WHAT THIS TASK INVOLVES:
Only reproduce the lines from the line containing "What is Antral" onward, exactly, through the final line of the data below.

════

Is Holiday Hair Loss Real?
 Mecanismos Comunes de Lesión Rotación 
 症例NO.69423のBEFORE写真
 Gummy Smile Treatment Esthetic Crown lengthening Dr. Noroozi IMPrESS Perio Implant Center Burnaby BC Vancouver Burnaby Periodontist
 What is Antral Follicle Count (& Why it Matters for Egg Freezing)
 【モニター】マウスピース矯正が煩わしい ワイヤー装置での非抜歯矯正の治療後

════

EXERCISE SOLUTION:
 What is Antral Follicle Count (& Why it Matters for Egg Freezing)
 【モニター】マウスピース矯正が煩わしい ワイヤー装置での非抜歯矯正の治療後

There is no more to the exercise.